The Divine Wind by Aussie author Garry Disher was first published in 1998 and has been republished many times since. It’s a wonderful little book which looks at friendship and the changes that occur through no fault of our own. I thoroughly enjoyed looking at the Broome of WW2, the historical aspect of it and the coming of age of three young people. I have no hesitation in recommending this novel highly.
  • Maximilianishe
I know Garry Disher as a writer of crime caper novels so was surprised to see a more sentimental side to his output in "The Divine Wind". This is not a polished literary work, but I found the historical setting and details fascinating. As a primer on working class life in Western Australia in the 1930s, the outbreak of WWII, the Japanese bombings of Darwin and Broome, war panic and the incarceration of Japanese residents of Australia, the book made very interesting reading. I also enjoyed Disher's little dig at Ernestine Hill's publications on the wilder aspects of early settlements in WA, doffing his cap in a humourous way in tribute to this intrepid journalist of the 1930s.
  • Yozshujind
THE DIVINE WIND: A LOVE STORY is a tense and riveting read set on the northwest Australian coast at the dawn of the Second World War. I don't care that its fiction--I will be clenching my fists for days as I recall the results of the havoc wrecked by the insanity of the adult world upon the story's three young central characters: Hart, who narrates the story, his sister Alice, and Alice's best friend Mitsy Sennosuke--a girl of Japanese parents.

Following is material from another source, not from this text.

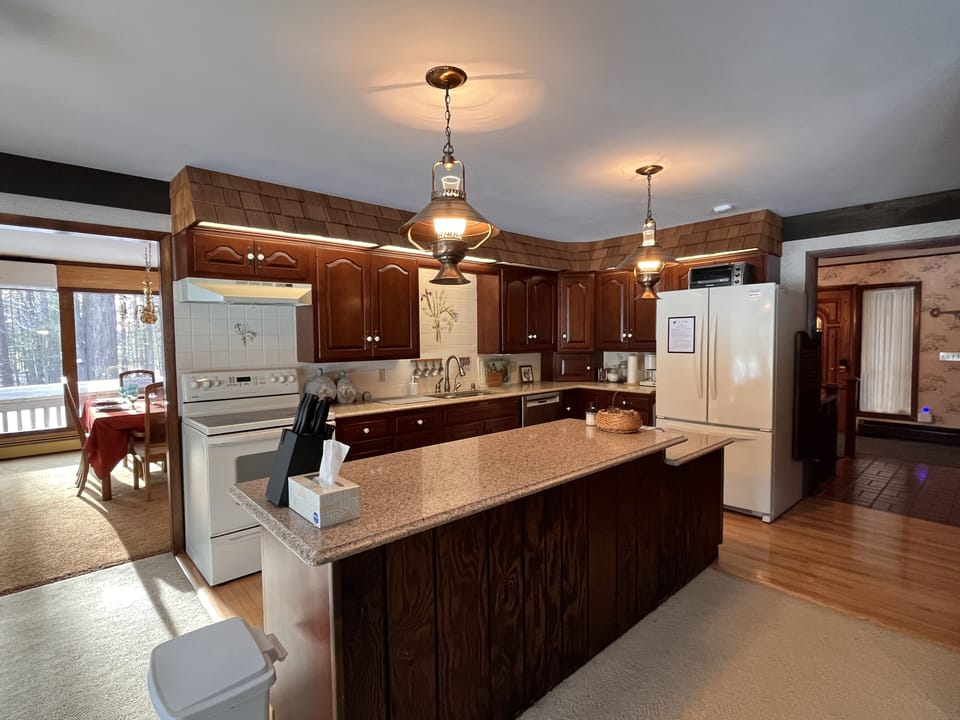 Kitchen with view to entry (right) and formal dining room (left).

Before moving to California as a young man, I had never heard of the Japanese internment during World War II--nope, it wasn't ever mentioned in the history books they used back on the East Coast in my youth. So, I am not at all surprised to learn from THE DIVINE WIND that a similar "procedure" took place in Australia. Nor am I shocked by the manner in which the Australian white supremacists in the book treat individuals of the various nonwhite groups. But the way in which those prejudices and the War engulf the three young people and totally screw up what should have been their idyllic young lives brought me to the verge of utter despair as I read page after page of Hart's touching love story:
"I fell in love with Mitsy in the darkness of the tin-walled cinema in Sheba Lane, where cowboys roamed the range and airmen spies slipped away from foreign countries in the light of the moon, and great white hunters saved beautiful women from maddened rogue elephants.
"In the daylight, Mitsy was a separate being, slim and restless and full of jokes and mischief like Alice, but when the lights were dimmed and the screen glowed with lovers and heroes, she would grow quiet and still, and settle in her seat, and imperceptibly shift until her shoulder and knee touched mine. Alice, on the other side of her, would crane her head around and meet my gaze, but never say anything, or tease, just as Mitsy would never acknowledge the intimacy when the lights came on at the end but simply treat me as one of the gang again. I sometimes thought that I dreamed of her."
In stark contrast to the other white adult characters, Hart and Alice's father, Michael Penrose, is the one that I'd want to know. A complex, good-hearted guy who makes one awful mistake, he repeatedly stands up and speaks loudly for what is right. In addition, the colorful, multiethnic supporting cast is a lively crowd that had me smiling despite the horrors that they frequently bore the brunt of.
THE DIVINE WIND: A LOVE STORY takes us to a rugged and beautiful place at a tough time in history and introduces us to three young people who I hope are still out there somewhere--old and at peace.